Data provided:
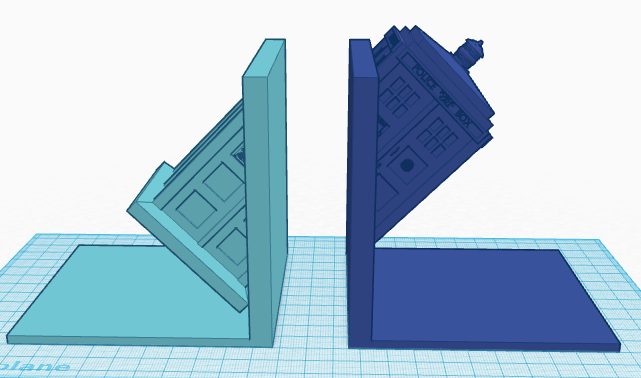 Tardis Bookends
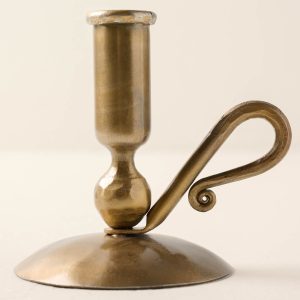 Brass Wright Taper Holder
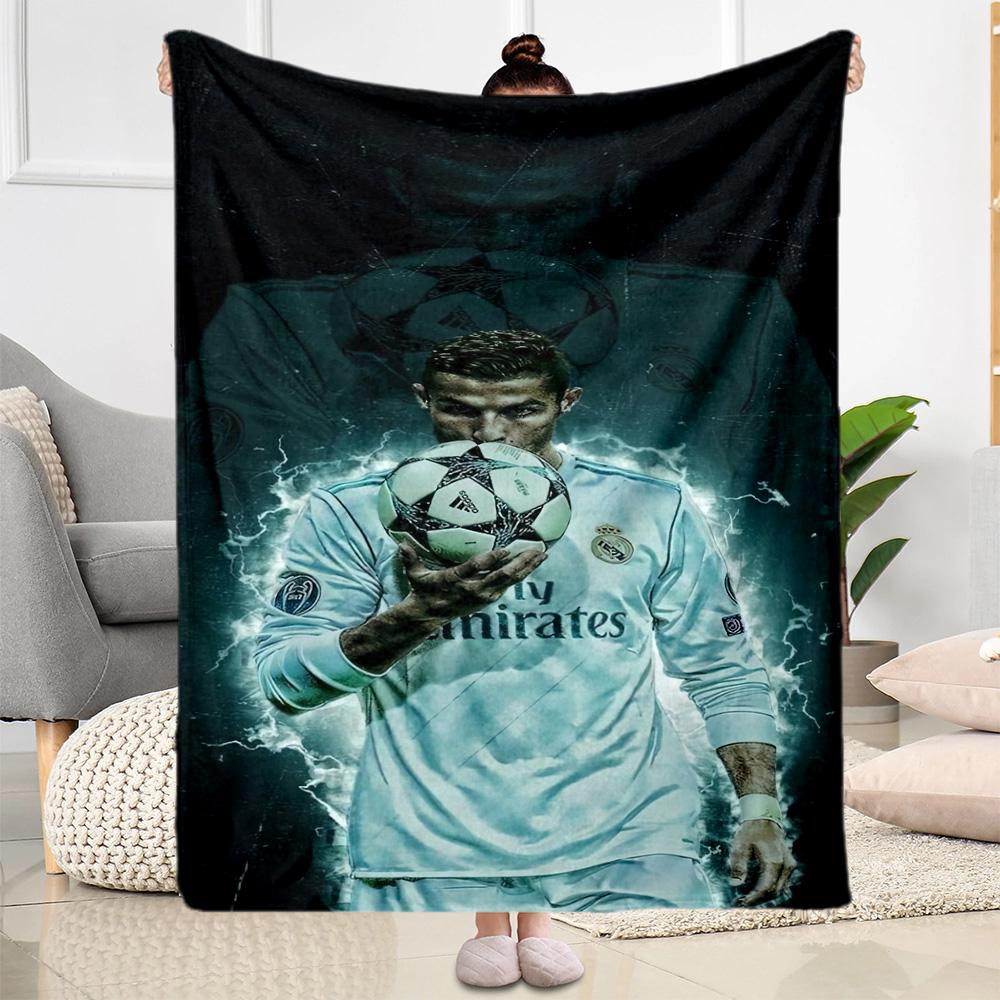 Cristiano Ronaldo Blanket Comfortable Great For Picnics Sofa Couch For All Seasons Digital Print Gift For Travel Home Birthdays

Your task: Starting from the line that contains "Brass Wright Taper Holder", transcribe exactly each line down to the final line of the material above, excluding every picture and adding nothing else.

Solution below:
 Brass Wright Taper Holder
 Cristiano Ronaldo Blanket Comfortable Great For Picnics Sofa Couch For All Seasons Digital Print Gift For Travel Home Birthdays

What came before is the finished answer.